Perovskite quantum dots (PQDs) have emerged as promising competitive materials for optoelectronics and future energy applications. In this work, high-quality PQD thin films
fabricated directly from the powdered form of CsPb(Br1−xClx)3 compositions were investigated. Tunable light emission was achieved via (in general) composition modulation through a mixed halide (chloride/bromide) with different ratios of Cl-ion substitution of Br ions. The structural properties of the various compositions (alloys) as a function of the Cl content were investigated. These properties were correlated with the emitting colors and amplified spontaneous emission (ASE)/lasing performance, and the potential application of these properties in lighting devices and other optoelectronics devices was verified. These alloys consisted of a highly stable cubic phase that remained stable even at room temperature because of direct synthesis at a high temperature for all compositions. The Cl content had only a slight effect on the QD size. Moreover, the bandgaps of the alloys
exhibited a strong dependence on the composition and increased rapidly with changing Br-to-Cl ratio through the halide ion exchange process. Furthermore, compositionally, the perovskite alloy was a photostable material and exhibited excellent photoluminescence quantum yields (PLQYs) and considerable photoluminescence.

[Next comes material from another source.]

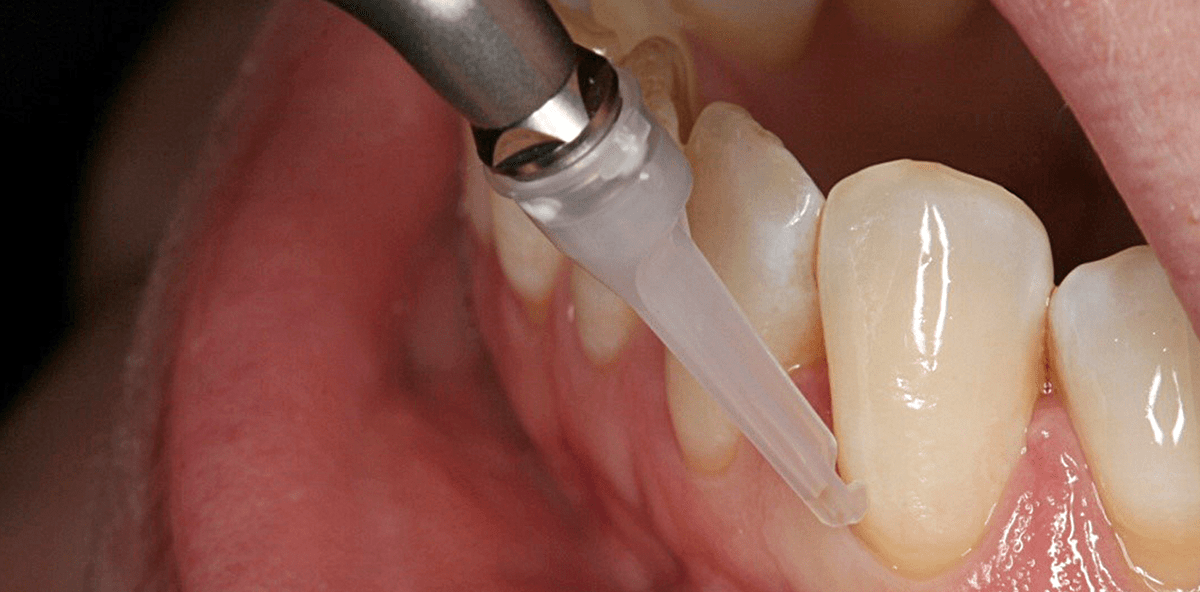 Air-Polishing – vom Power-Cleaning zum Biofilmmanagement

Alloys with a high Cl content underwent significant nonradiative decay, and the PLQYs decreased with increasing bandgap. These features were all dependent on ligand exchange from Br to Cl. In addition, ASE properties of these composition films were achieved and compared under long-term
ambient conditions. Moreover, a low ASE threshold (21, 45, and 53 μJ/cm2 for x = 0, 0.25, and 0.40, respectively) was obtained under picosecond laser excitation.